Novel by John Steinbeck

To a God Unknown is a novel by John Steinbeck, first published in 1933. The book was Steinbeck's second novel (after Cup of Gold). Steinbeck found To a God Unknown extremely difficult to write; taking him roughly five years to complete, the novel proved more time-consuming than either East of Eden or The Grapes of Wrath, Steinbeck's longest novels.

==Plot==
The protagonist of this story is Joseph Wayne, a rancher who was born and lived his early life on his father's ranch. He is the third of his brothers, younger than Burton and Thomas, who are both already married, but older than Benjy. As he grows up, he feels a special connection to the land, and decides to move to California to create a homestead and start a family. His father, John Wayne, begs him not to go but finally acquiesces once he realizes Joseph's passion, and gives him his blessing. On his way west, Joseph meets "Old Juan" who encourages him to establish a home and throw a fiesta once his home is set up. After a time of wandering, Joseph enters California and records his homestead in the Nuestra Senora valley. He builds his house under a great oak tree, which comes to symbolize his deceased father. While building, he works with an Indian, Juanito, who offers to be his vaquero in exchange for friendship. Joseph hears about the "dry years", a lengthy drought that seems to be periodic, and is the bane of all the farmers in the area. He is convinced, however, that they will never come again. He writes to his brothers and tells them to come and join him, to take the land next to his. As they explore the land they have been given, Joseph and Juanito stumble upon a mossy rock and a deep spring in the center of a pine forest. It has an aura about it that makes everyone acknowledge that it is sacred, but it is frightening as well.
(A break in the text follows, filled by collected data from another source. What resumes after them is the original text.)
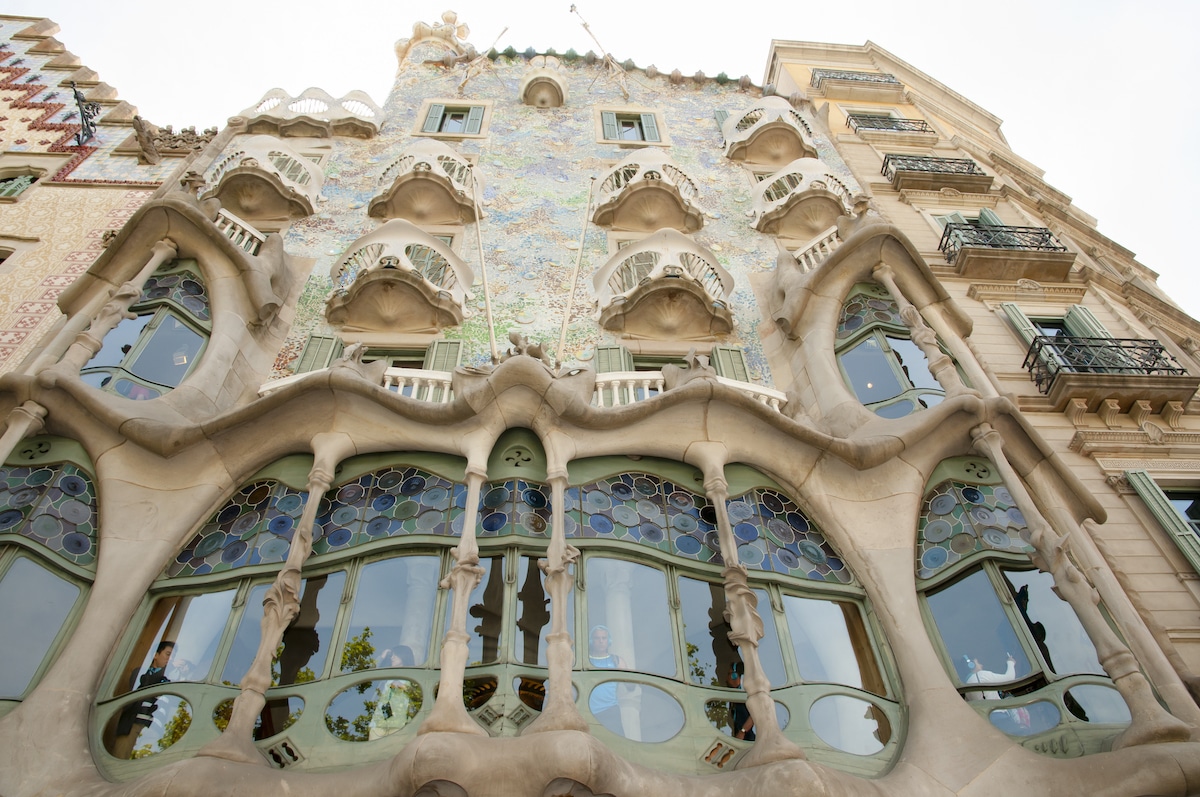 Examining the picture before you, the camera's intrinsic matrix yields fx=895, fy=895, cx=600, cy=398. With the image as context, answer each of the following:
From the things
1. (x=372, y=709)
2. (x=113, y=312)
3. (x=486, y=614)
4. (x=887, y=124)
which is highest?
(x=887, y=124)

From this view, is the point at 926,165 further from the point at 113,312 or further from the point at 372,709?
the point at 372,709

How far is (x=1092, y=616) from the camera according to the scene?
7582mm

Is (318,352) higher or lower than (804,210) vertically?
lower

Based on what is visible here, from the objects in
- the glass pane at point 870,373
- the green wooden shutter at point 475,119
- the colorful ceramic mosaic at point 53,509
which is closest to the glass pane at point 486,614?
the colorful ceramic mosaic at point 53,509

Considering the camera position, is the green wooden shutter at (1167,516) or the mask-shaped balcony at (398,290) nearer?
the green wooden shutter at (1167,516)

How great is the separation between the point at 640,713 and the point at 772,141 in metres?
13.7

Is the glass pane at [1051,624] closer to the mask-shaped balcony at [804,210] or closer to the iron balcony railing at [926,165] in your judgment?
the mask-shaped balcony at [804,210]

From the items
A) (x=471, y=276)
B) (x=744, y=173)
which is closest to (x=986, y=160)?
(x=744, y=173)

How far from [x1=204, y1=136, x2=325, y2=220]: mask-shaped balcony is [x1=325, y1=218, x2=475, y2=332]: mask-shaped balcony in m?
2.49

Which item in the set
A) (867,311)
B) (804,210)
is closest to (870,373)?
(867,311)

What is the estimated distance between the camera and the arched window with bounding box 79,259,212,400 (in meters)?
9.94

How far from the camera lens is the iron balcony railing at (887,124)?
19.8 m

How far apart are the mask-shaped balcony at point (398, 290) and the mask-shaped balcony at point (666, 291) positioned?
7.40ft

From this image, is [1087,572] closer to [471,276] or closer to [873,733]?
[873,733]
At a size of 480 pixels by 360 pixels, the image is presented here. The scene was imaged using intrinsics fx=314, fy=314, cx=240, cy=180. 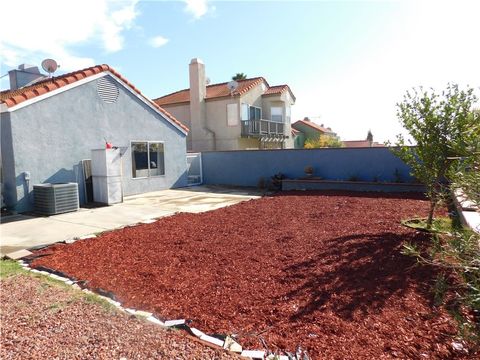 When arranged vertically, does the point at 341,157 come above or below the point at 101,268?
above

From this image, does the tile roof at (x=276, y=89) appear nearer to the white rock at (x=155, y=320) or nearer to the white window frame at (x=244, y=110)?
the white window frame at (x=244, y=110)

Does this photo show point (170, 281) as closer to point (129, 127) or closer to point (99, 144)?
point (99, 144)

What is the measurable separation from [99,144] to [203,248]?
28.2 ft

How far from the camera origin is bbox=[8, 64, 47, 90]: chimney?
1542 cm

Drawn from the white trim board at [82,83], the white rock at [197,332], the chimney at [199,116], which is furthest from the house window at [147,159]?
the white rock at [197,332]

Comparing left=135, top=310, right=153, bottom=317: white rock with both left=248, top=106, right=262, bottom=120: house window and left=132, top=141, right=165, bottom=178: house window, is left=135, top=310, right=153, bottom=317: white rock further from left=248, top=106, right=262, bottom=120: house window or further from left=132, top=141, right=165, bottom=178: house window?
left=248, top=106, right=262, bottom=120: house window

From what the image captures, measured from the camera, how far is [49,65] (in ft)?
41.5

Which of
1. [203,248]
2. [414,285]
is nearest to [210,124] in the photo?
[203,248]

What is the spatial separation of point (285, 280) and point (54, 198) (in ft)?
27.3

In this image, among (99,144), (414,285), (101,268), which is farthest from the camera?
(99,144)

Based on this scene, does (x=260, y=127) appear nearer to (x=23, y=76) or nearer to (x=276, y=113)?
(x=276, y=113)

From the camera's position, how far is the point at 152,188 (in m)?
15.1

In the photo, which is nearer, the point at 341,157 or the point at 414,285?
the point at 414,285

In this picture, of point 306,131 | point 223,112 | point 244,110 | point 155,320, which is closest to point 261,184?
point 223,112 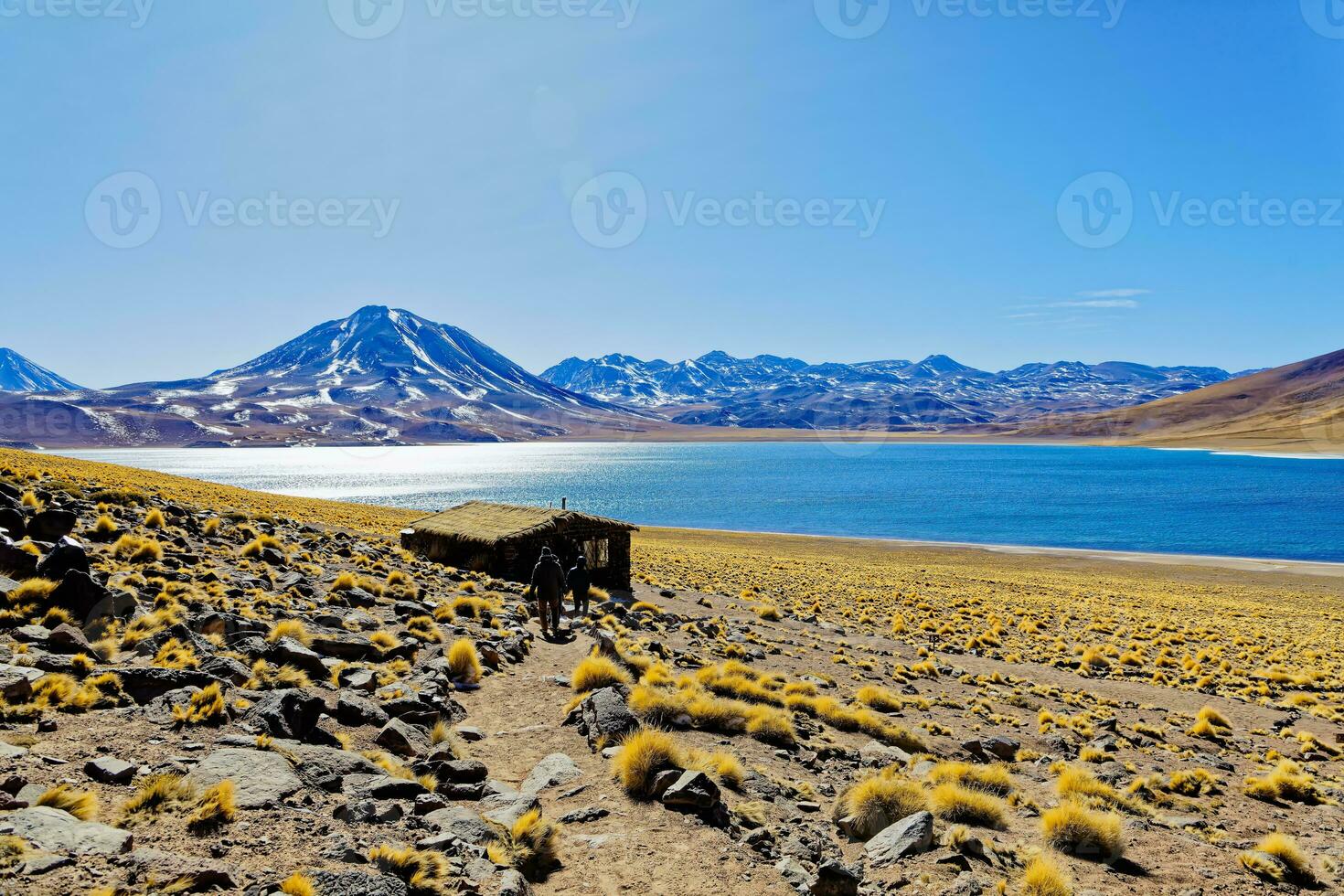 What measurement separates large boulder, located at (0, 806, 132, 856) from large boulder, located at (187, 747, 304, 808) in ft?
3.33

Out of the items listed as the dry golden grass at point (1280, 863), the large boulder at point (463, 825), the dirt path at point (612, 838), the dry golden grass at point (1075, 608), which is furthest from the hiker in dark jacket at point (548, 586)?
the dry golden grass at point (1075, 608)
Joseph later meets Elizabeth, a schoolteacher from Monterey. After several failed attempts, Joseph wins her hand and they are married. When they return to the farm after the wedding, they discover that Benjy has been stabbed to death by Juanito, who caught him seducing his wife. When the two men meet later that night at the sacred rock, Juanito asks Joseph to kill him in revenge for his brother, but Joseph refuses. Joseph wants to pass it off as an accident so Juanito can stay on, but Juanito flees the farm, promising to return once the guilt has passed. Elizabeth is integrated into the farm and meets Rama, Thomas' wife, who helps her with many things, including her first childbirth. For a time, the farm prospers, and Elizabeth bears a child. Joseph's brother Burton, a devout Christian, becomes increasingly concerned with Joseph's activities with the tree, after seeing him talk to it and apparently offer sacrifice to it as well. After a time, Joseph remembers his promise to Old Juan, and the farm becomes the site of a New Year's fiesta. After witnessing all the pagan activities that take place at the fiesta, Burton decides to leave the farm. After he leaves, the remaining brothers discover Burton had girdled the tree to kill it. In the following rainless winter, everything begins to die as a severe drought sets in, and everyone fears that the dry years have come again.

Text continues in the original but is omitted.